**BRIEF**
The full listing should be transcribed verbatim.

**DATASET SECTION**

+ + + + + + +

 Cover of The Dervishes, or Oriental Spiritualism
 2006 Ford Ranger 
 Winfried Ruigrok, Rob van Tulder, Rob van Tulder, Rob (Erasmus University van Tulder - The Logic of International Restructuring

+ + + + + + +

**EXPECTED ANSWER**
 Cover of The Dervishes, or Oriental Spiritualism
 2006 Ford Ranger 
 Winfried Ruigrok, Rob van Tulder, Rob van Tulder, Rob (Erasmus University van Tulder - The Logic of International Restructuring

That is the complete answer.